Given all the above, my suggestion would be to decouple the creation of the new software (<insert name here>) of the plans to undeploy the current Graphoid. It may feel like a waste, but it allows teams to proceed on their own terms and schedules without blocking each other, imposing deadlines or increasing risks for the infrastructure. Whatever (subset of?) functionality of Graphoid is provided by the new software can be adopted by the various components (e.g. REST API, Graph extension) in their own schedules. The obvious downside is that there may be a period of time with reduced functionality/performance for end-users, but to me this approach has a higher chance of success longterm and tries to minimizes. Hence it's preferable.

The technical side of things should probably go into another task, but I 'd like first to make sure we are all in agreement with the above.

@Milimetric, @dr0ptp4kt, @MarkTraceur, thoughts on the above?

For reference, all of the current discussion seems to be taking place in T249419: RFC: Render data visualizations on the server.

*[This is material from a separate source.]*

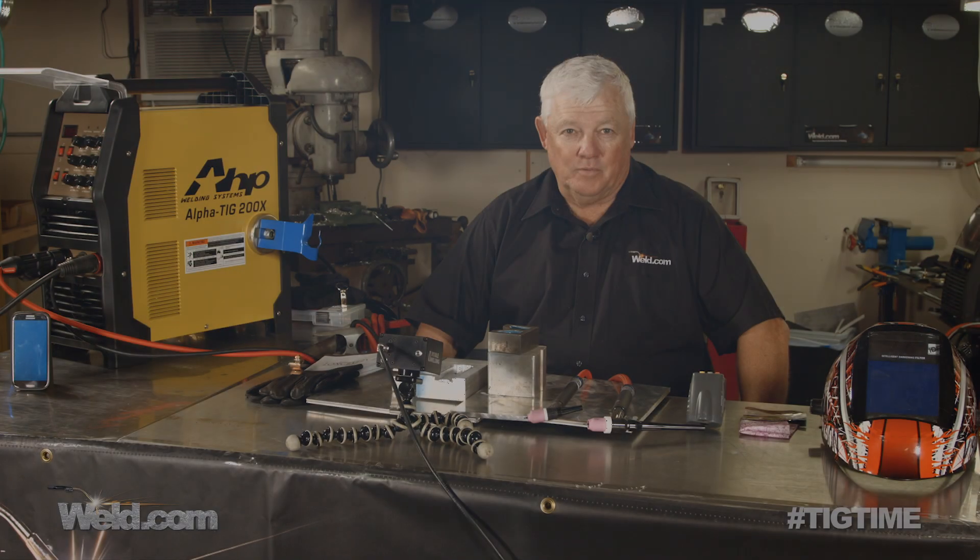Hey, welcome to Weld.com, home of TIG Time. Hi, I'm Mr. TIG, and we're at my hometown, Utah Springs, Kansas. We're filming several different segments this week, one of them dealing with air-cooled torches.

I'd like to propose that we close this ticket, since we've decided we are no longer going to be using Graphoid in its current implementation (and have already started undeploying it). Once the RFC at T249419 concludes, I imagine we would want to create some fresh tickets for the work involved, rather than recycling this one. Any objections?

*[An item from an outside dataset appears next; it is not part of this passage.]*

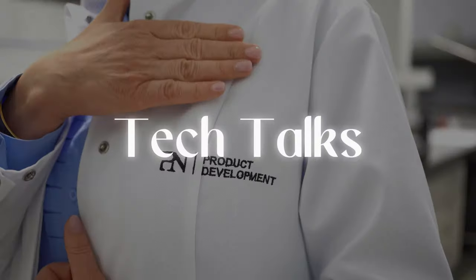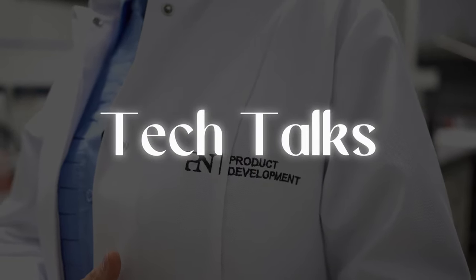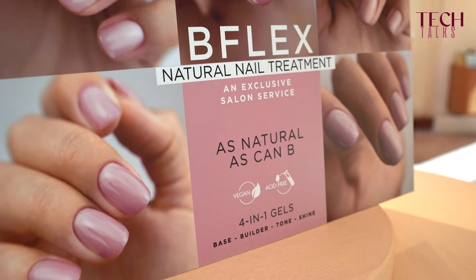So when do you use B-Flex and when do you use B-Strong? Who needs which one? Well, let's start with B-Flex. B-Flex is a very flexible gel. It's very lightweight and it is designed specifically to bend with the natural nail.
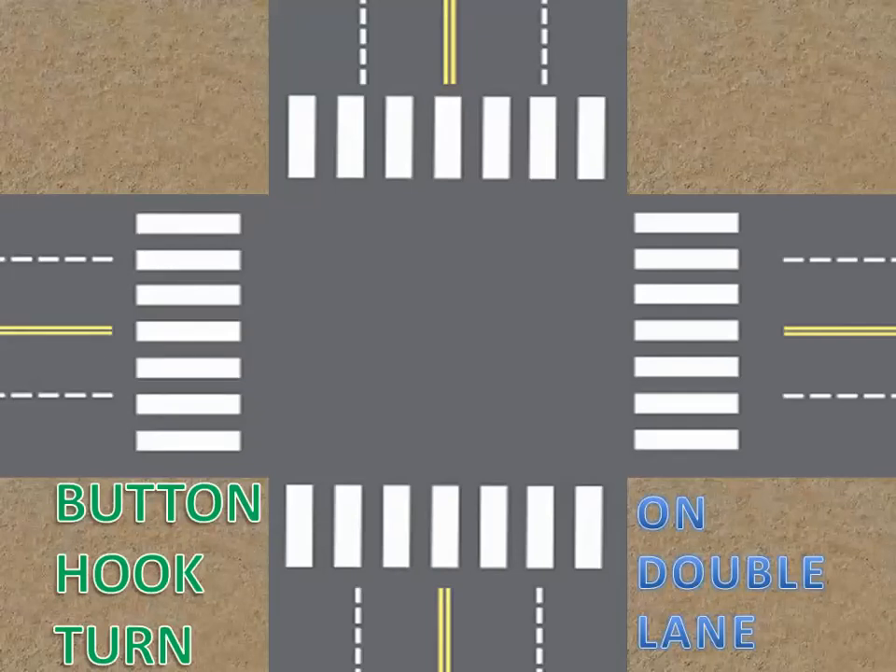The button hook turn involves the rig going straight past the right angle lane and occupying some portion of the opposite lane on the right angle before starting the turn to the right, then making a curve to turn right and staying in your lane. There is a danger of passing oncoming vehicles at the right angle, but that is minimal risk compared to the jug handle turn. The driver should slow down before passing the median of the right angle, observe oncoming vehicles on the right before passing the median, commence the turn, and position the rig closer to the right curb so no vehicles can pass on the right. The button hook turn is recommended for making a safe right turn.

So who has taken stewardship over the service for its remaining operation and to do the work done/being done to enable its client component and to undeploy and decom the service and its MW integration?

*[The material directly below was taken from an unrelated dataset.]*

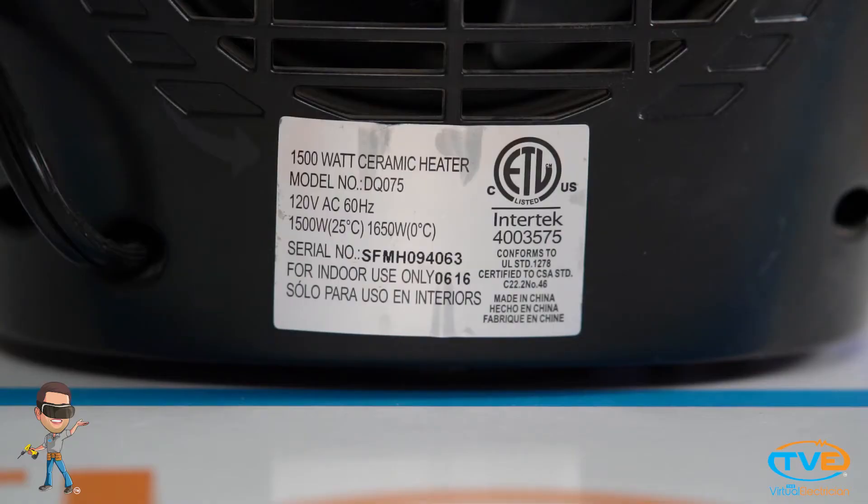Then go around to all the outlets and figure out everything that is plugged into them. With each item there should be a nameplate on it that tells you how many amps or watts it pulls.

The undeployment/client-side enabling is being handled by @Jseddon.

For supporting Graphoid's final days and decommissioning the service after it's full undeployment, I'm assuming Service Operations would handle that. Is that a good assumption, @akosiaris?

I'd like to propose that we close this ticket, since we've decided we are no longer going to be using Graphoid in its current implementation (and have already started undeploying it). Once the RFC at T249419 concludes, I imagine we would want to create some fresh tickets for the work involved, rather than recycling this one. Any objections?

+1

The undeployment/client-side enabling is being handled by @Jseddon.

For supporting Graphoid's final days and decommissioning the service after it's full undeployment, I'm assuming Service Operations would handle that. Is that a good assumption, @akosiaris?

Yes that's correct. Once the phased per wiki undeployment is done (tracked in T242855), we 'll take over the remainder of the actions in that task and remove it service itself from the infrastructure.

(This is intended to be a response to T334940#9424739, but posting it as this task has more context)

Note (and warning of potential code reusers): The last (before archival) version of graphoid is prone to RCE due to CVE-2020-26296. For a POC, see https://github.com/vega/vega/issues/3018#issuecomment-748929438

In addition, there are 0-days in current version of Vega and Vega-lite (see T336595#8888955).